What to produce
Your answer is to be the exact text of the lines from the one containing "Strawberry Printed Jersey" through the final line of the entries, restated in full, with pictures omitted.

Supplied data

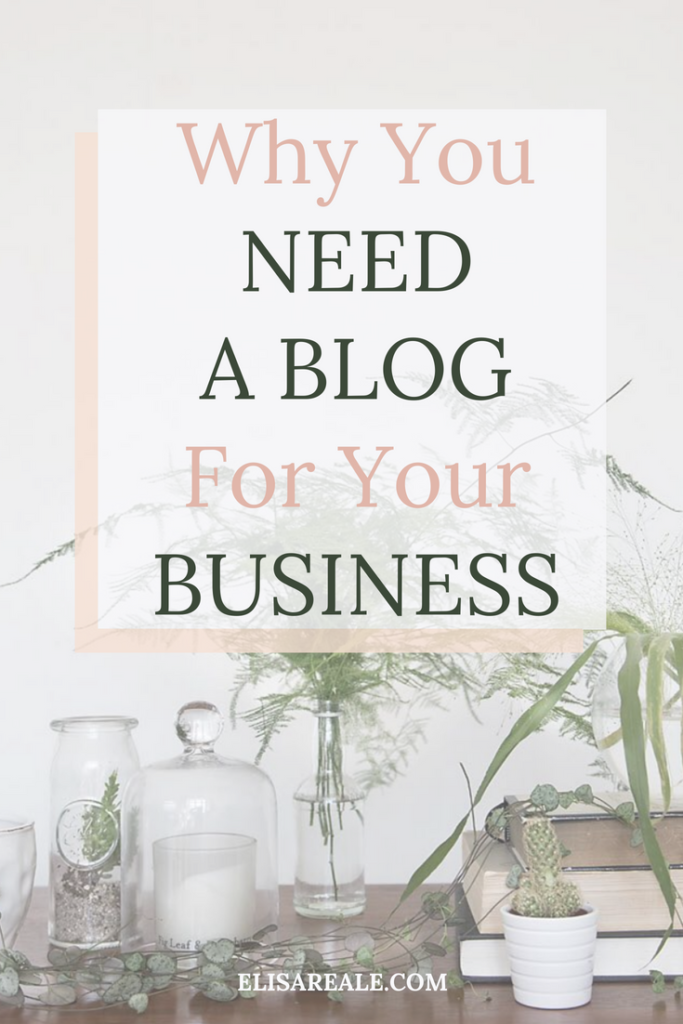 Why you need a blog for your business 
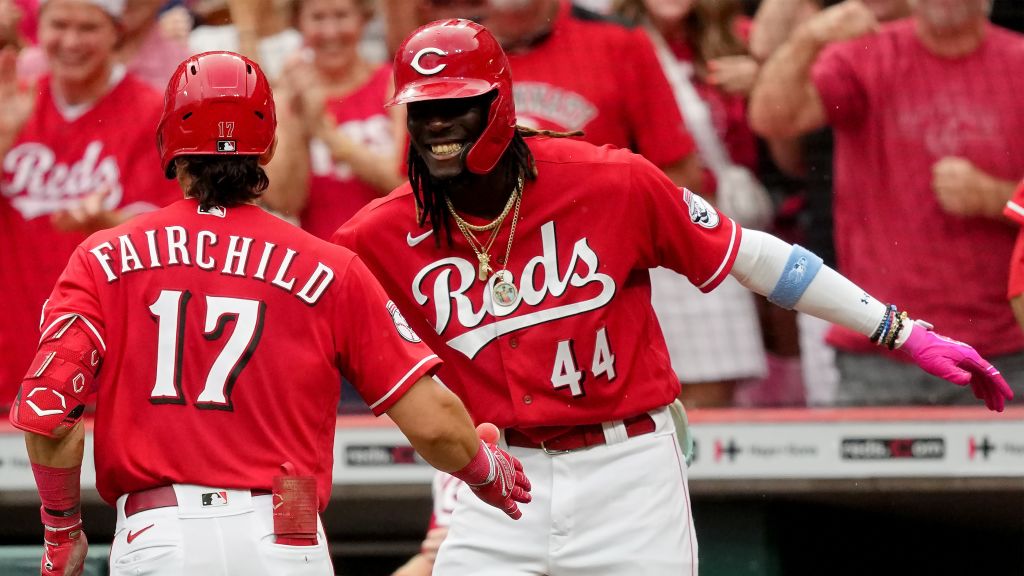 Cincinnati Reds - Our Reds Rookies photo shoot with Sonny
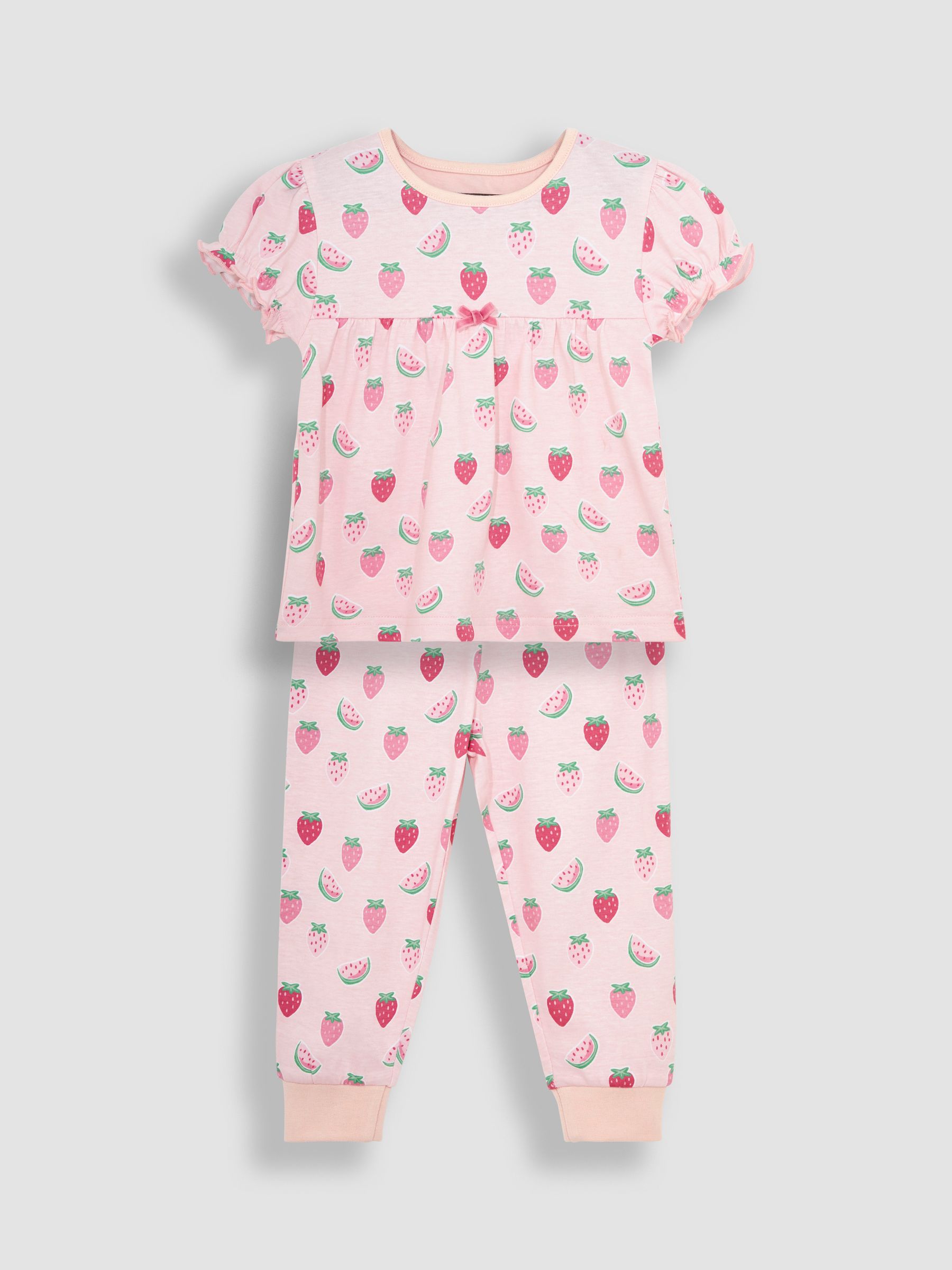 Strawberry Printed Jersey Pyjamas in Pink - Image 3 of 5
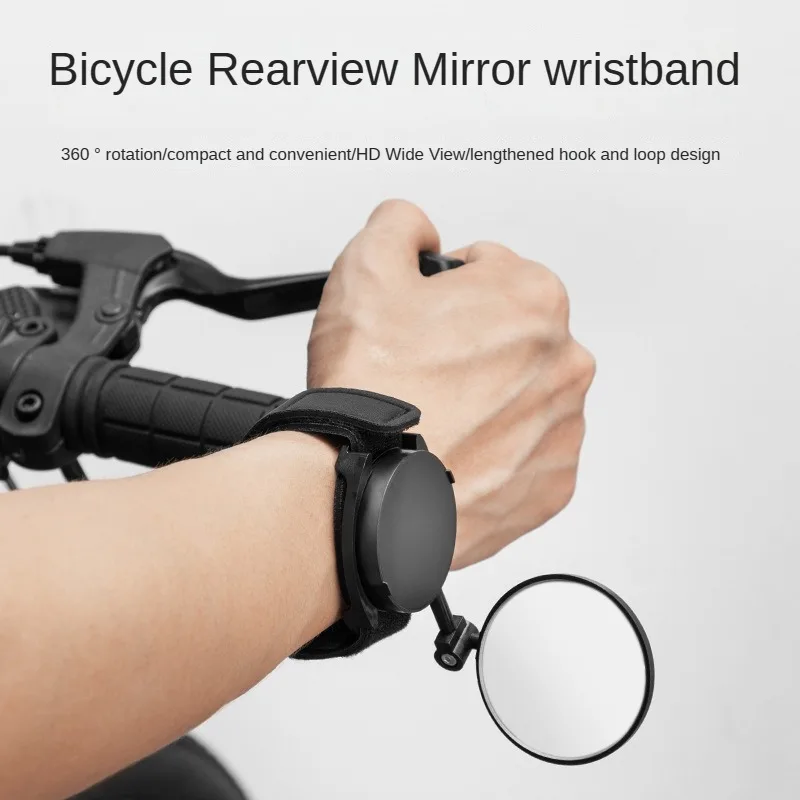 Bicycle Rearview Mirror Arm Wrist Strap Bicycle Motorbike 360 Degrees Rotating Rear Reflector Cycling Band Rear View Accessories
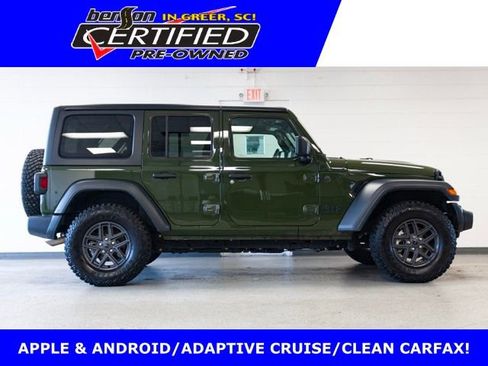 Certified 2024 Jeep Wrangler Sport S image 1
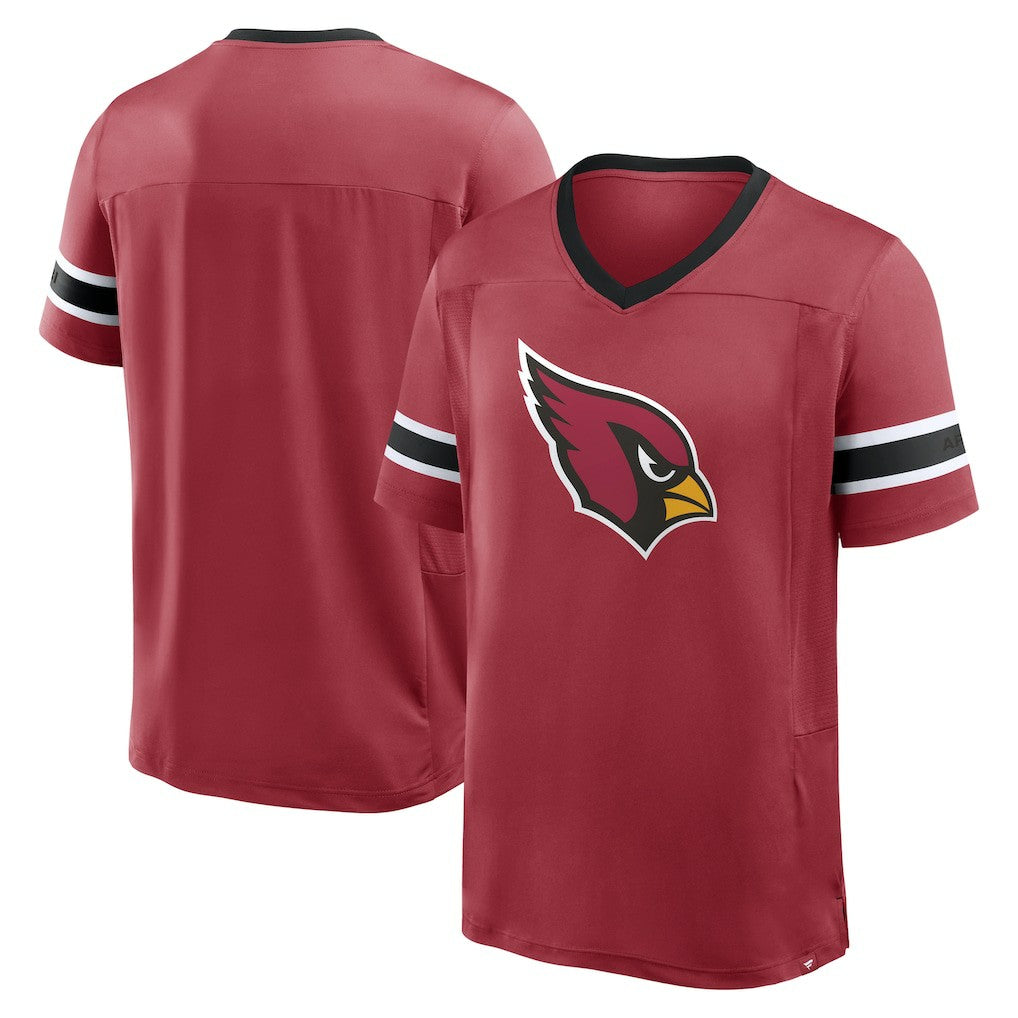 Arizona Cardinals Hometown Premium Hashmark V-Neck T-Shirt Cardinal | Fanatics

Completed exercise
 Strawberry Printed Jersey Pyjamas in Pink - Image 3 of 5
 Bicycle Rearview Mirror Arm Wrist Strap Bicycle Motorbike 360 Degrees Rotating Rear Reflector Cycling Band Rear View Accessories
 Certified 2024 Jeep Wrangler Sport S image 1
 Arizona Cardinals Hometown Premium Hashmark V-Neck T-Shirt Cardinal | Fanatics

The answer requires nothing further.